I do too! I wake up with a horrible feeling of letdown and guilt, then I realize it didn’t really happen.
I certainly recognise that feeling, it seems to be a very common thing. I experienced that for about six months after I gave up, despite rarely thinking about smoking in my waking hours, but now I don’t even dream about it.
Well, I think it’s time for a fresh (and this time, successful) attempt. I’ve been smoke-free for four minutes. So far, so good!
A coworker recently told the story that his parents had both been chain smokers for decades, and had used all kinds of techinques to attempt to quit, like the patches, changing brands, gradual withdrawal, cold turkey, etc, but they always resumed smoking again. This went on for several years. Then one day they announced that they were going to quit smoking by going to see a hypnotist. My coworker was imaging a series of private therapy sessions, but his parents said it was just one big group session. They saw an ad in the paper for a big stop-smoking hypnosis session, where the organizer had rented a big conference room at a Holiday Inn. You just sign up, pay your money, and sit in a chair along with a hundred other people. My coworker laughed them, and told them not to waste their money on this pointless scam.

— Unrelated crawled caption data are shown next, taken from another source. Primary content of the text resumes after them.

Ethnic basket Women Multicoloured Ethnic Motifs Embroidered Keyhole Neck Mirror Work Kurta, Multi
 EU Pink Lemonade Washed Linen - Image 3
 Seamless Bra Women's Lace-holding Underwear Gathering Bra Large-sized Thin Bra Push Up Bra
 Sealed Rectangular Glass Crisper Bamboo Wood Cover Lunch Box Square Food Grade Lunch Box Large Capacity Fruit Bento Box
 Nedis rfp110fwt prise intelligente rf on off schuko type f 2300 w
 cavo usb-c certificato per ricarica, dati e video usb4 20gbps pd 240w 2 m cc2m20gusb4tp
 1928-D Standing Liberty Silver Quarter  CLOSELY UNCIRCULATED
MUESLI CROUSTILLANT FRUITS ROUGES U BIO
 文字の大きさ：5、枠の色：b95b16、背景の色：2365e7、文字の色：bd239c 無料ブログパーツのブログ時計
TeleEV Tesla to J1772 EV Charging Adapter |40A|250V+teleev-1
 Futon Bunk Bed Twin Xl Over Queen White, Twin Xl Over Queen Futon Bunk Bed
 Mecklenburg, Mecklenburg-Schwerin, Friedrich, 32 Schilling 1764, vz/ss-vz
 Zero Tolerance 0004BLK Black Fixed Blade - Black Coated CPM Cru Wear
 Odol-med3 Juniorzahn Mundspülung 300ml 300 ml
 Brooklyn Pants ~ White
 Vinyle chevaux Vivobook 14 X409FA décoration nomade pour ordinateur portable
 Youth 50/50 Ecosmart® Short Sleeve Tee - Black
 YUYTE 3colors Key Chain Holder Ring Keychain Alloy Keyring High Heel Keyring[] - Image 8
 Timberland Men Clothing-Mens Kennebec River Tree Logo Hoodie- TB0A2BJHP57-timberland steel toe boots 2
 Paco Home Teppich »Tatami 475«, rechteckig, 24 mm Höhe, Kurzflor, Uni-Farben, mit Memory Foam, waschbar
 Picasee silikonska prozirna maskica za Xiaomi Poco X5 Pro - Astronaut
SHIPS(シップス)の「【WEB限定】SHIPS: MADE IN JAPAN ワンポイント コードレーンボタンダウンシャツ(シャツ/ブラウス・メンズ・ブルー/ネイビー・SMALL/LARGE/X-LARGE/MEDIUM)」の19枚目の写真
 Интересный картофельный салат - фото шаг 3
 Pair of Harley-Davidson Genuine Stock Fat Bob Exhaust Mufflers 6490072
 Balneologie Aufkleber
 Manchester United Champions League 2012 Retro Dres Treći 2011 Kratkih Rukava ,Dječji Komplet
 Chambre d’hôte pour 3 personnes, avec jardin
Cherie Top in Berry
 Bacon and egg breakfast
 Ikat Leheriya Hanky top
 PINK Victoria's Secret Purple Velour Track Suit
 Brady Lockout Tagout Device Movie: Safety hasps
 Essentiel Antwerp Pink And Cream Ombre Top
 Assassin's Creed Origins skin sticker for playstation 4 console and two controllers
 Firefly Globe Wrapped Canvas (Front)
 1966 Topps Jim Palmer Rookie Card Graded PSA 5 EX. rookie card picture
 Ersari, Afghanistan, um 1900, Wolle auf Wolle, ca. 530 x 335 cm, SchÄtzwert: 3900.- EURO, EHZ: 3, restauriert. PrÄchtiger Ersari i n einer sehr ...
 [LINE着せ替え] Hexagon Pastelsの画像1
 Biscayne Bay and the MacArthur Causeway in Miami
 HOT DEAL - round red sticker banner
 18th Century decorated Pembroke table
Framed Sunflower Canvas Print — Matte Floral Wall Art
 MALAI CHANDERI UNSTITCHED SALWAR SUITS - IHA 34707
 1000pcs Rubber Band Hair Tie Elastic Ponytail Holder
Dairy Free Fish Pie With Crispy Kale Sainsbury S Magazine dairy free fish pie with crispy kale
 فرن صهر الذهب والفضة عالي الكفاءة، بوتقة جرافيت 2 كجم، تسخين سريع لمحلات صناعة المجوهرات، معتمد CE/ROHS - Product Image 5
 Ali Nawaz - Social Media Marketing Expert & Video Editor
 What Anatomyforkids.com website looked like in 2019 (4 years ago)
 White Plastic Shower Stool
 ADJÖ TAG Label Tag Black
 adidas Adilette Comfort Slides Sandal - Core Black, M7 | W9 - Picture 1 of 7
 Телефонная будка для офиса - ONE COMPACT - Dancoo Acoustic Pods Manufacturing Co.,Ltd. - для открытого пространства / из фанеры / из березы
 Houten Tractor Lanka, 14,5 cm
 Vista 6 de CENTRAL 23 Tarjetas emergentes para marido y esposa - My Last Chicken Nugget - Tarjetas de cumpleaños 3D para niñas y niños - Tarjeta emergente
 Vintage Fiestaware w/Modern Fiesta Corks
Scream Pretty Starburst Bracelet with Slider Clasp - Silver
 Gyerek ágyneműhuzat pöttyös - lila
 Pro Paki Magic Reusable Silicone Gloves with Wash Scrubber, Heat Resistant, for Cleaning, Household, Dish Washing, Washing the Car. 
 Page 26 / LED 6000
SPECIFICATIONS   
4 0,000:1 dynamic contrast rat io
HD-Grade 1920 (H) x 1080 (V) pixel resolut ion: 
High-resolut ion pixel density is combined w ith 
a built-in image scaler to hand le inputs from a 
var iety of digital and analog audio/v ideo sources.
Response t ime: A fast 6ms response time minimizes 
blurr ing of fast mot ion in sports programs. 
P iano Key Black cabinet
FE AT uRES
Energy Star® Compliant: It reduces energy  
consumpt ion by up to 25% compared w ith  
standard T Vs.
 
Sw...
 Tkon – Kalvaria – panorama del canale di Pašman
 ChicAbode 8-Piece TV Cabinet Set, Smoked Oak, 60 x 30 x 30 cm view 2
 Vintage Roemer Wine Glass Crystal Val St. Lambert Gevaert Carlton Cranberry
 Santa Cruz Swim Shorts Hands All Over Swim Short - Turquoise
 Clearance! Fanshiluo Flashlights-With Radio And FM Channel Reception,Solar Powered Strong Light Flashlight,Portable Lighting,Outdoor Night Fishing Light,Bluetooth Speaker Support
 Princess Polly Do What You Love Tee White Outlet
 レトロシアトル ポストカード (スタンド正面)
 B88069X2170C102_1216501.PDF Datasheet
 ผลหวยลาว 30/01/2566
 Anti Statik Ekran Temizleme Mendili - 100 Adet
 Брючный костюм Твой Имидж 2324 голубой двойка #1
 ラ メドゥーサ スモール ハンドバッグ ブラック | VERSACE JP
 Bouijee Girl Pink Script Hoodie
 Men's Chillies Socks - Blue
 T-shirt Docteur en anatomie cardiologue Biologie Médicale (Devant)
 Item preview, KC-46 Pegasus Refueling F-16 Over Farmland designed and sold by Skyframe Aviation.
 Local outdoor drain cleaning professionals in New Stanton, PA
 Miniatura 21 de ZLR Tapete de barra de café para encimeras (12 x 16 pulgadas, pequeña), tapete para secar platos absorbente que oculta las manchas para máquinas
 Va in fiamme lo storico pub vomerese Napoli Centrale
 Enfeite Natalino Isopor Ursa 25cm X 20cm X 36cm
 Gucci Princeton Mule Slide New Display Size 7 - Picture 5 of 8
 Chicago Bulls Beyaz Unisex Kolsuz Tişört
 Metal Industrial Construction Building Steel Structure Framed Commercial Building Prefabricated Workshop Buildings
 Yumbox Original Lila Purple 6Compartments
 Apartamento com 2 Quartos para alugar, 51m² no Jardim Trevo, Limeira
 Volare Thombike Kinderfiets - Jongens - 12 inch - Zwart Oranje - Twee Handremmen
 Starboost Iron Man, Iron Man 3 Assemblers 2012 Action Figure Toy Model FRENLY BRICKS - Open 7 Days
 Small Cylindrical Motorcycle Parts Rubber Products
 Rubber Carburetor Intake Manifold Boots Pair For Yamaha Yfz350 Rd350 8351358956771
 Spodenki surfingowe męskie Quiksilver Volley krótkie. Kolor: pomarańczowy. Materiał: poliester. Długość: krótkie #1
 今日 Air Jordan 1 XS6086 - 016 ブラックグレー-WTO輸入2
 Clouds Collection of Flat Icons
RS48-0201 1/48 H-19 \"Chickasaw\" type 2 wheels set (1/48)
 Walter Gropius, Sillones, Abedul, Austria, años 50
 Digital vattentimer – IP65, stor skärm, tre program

They went anyway. It worked. They never smoked again after that.
I don’t think the hypnotist performed any miracles here, I just think that unlike their prior attempts, they finally both were mentally ready and committed to quit smoking when they walked into the room.
Me too! I used to feel guilty (both in my dreams and when I woke up) but lately I’ve stopped feeling guilty and now enjoy my dreamtime smokes.